There are, however, some questions regarding the advanced metrics. The first is that Uggla's year-to-year ratings have vacillated quite a bit, ranging from terrible to average. The second is that, by UZR anyway, his home/road splits are huge, which has led to much discussion about whether Dolphins Stadium in some way harmed Uggla's fielding numbers. Many Braves fans want to believe this theory, since it would mean that Uggla's defense would look better now that he calls Turner Field home.

After the jump, I try to get a handle on these questions, with help from some graphs.

A bit about the metrics

For this post, I'll be using the three most commonly cited defensive metrics: Ultimate Zone Rating (UZR), Defensive Runs Saved (DRS), and Total Zone (TZ). For more on these stats, I've included a brief primer at the end of this post; just scroll down.
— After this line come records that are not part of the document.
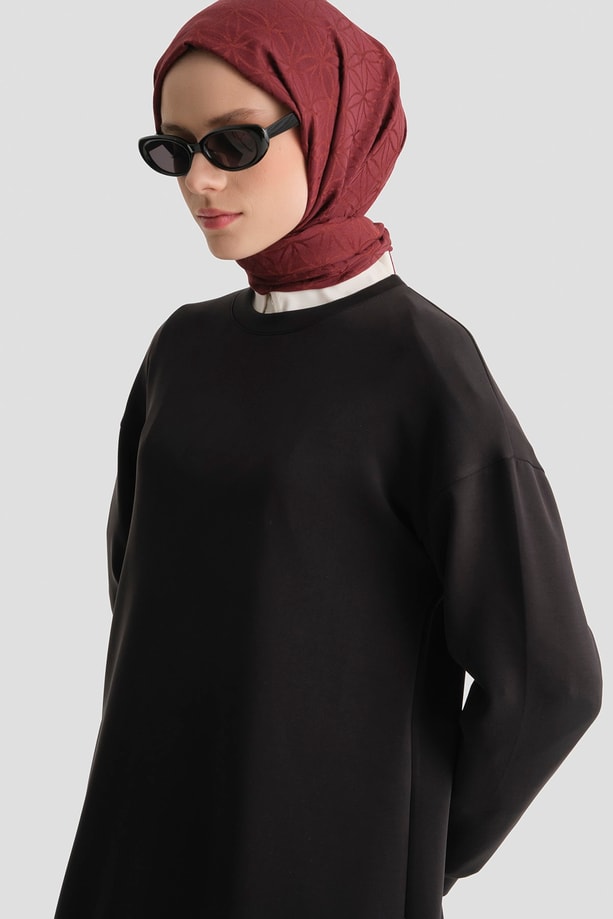 Modal Karışımlı Basic Tunik Siyah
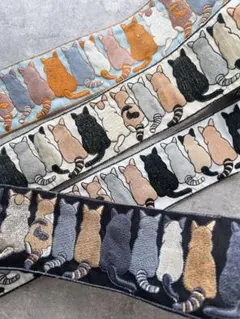 インド刺繍リボン 猫刺繍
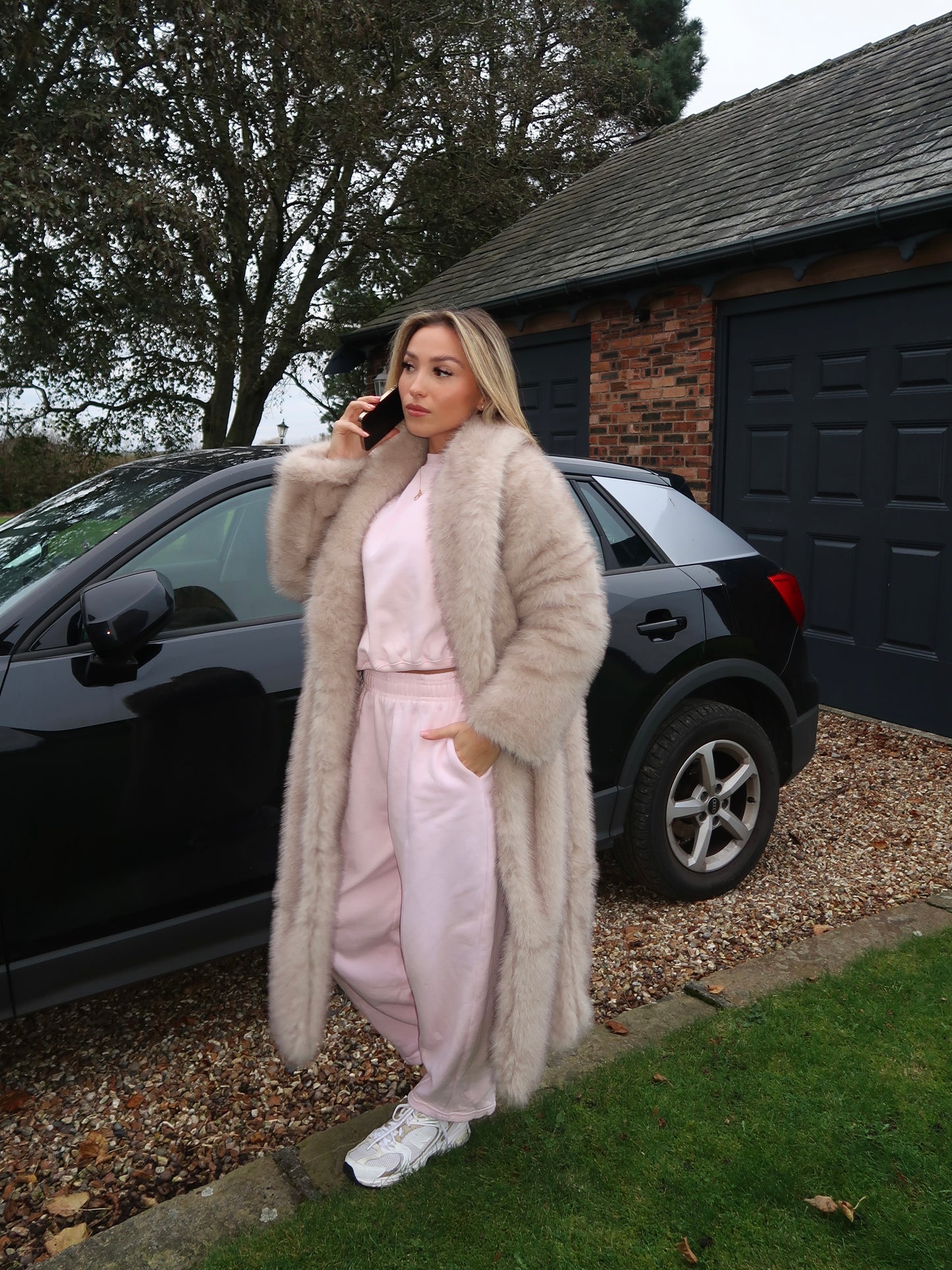“Sasha” Full length faux fur coat - Fawn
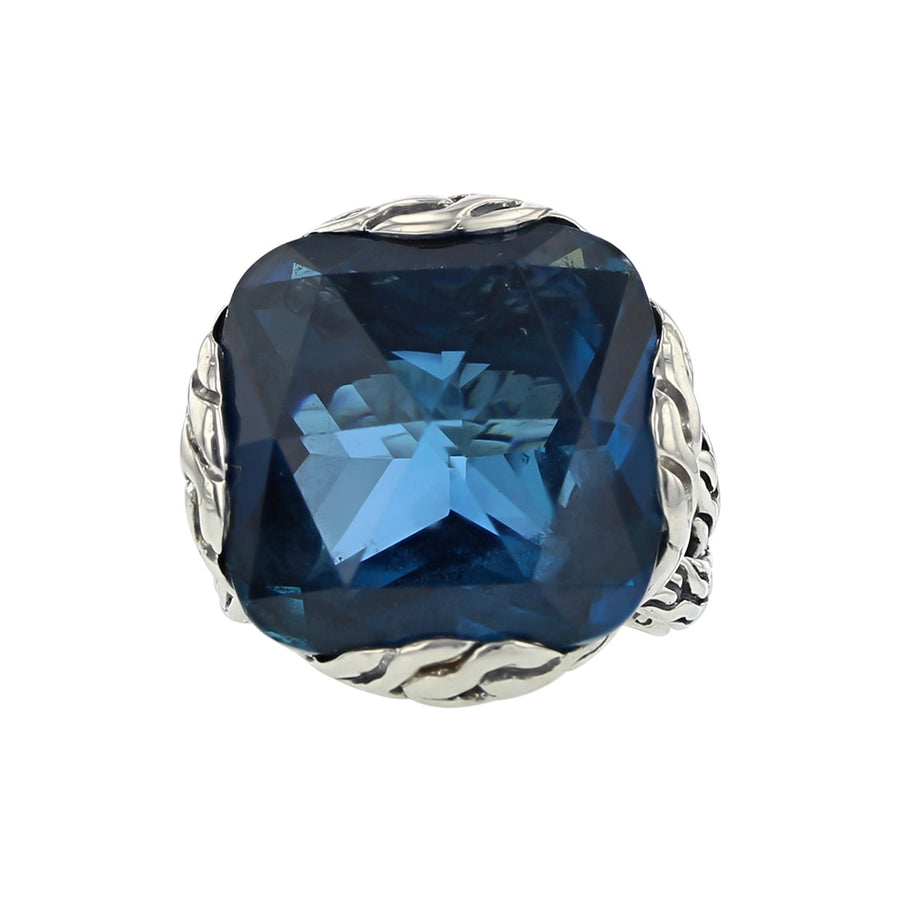 John Hardy Sterling Silver Blue Topaz Classic Chain Ring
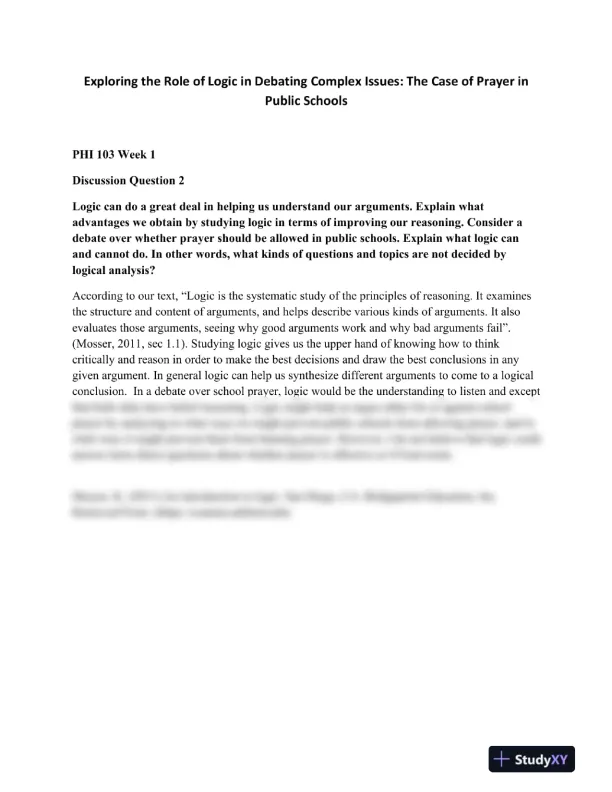 Exploring the Role of Logic in Debating Complex Issues: The Case of Prayer in Public Schools - Page 1 preview image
These systems are broadly similar, so don't get too hung up on the nitty gritty details (unless you want to). The scales are generally equivalent. Zero is average for all three systems. A very good total for a season is in the +10 or higher range. Similarly, a per-season score of -10 or lower is fairly bad.

The important thing to remember for all of these stats is that they are more volatile than hitting statistics. Ideally, you want 2.5 to 3 seasons' worth of data before drawing conclusions about a player's true defensive skill level. If you have less data than that, you have to A) take it with a huge grain of salt, and B) regress it to the mean (i.e., bring the number closer to zero).

How Uggla stacks up

If we're judging Dan Uggla's overall defensive performance, we have plenty of data to do so: five full seasons. Over this time, he has posted a total UZR of -22, (about -4.5 runs per season). His DRS in that time frame is -29, which would put his yearly value at around -6 runs. Finally, TZ gives him a whopping -39 total, which is equivalent to about -8 runs per year.

If we break this down into yearly totals, we can see that the systems generally have a remarkable amount of consensus about Uggla's defense:

Advanced_stats_by_year_medium

For as much as we've heard about the wildly diverging opinions of the defensive metrics, they sure don't diverge much here. Aside from Uggla's 2006 UZR mark, all of the values for a given season are within 4 runs of each other. All the systems agree that he was just fine defensively in 2006 and 2008; they all agree that he was terrible in 2007 and very bad the past two years, too.

Do those year-to-year fluctuations mean anything? In other words, was Uggla actually a better fielder in 2006 and 2008 than he was in the other years? My gut says no--after all, with only a year's worth of data, there will be some large random shifts even if the underlying talent remains the same. The agreement between the three systems is not necessarily meaningful. The systems are not independent, after all--they are all based on actual events from games. If Uggla had a disproportionate number of tricky grounders in 2007, for instance, that would affect all 3 ratings.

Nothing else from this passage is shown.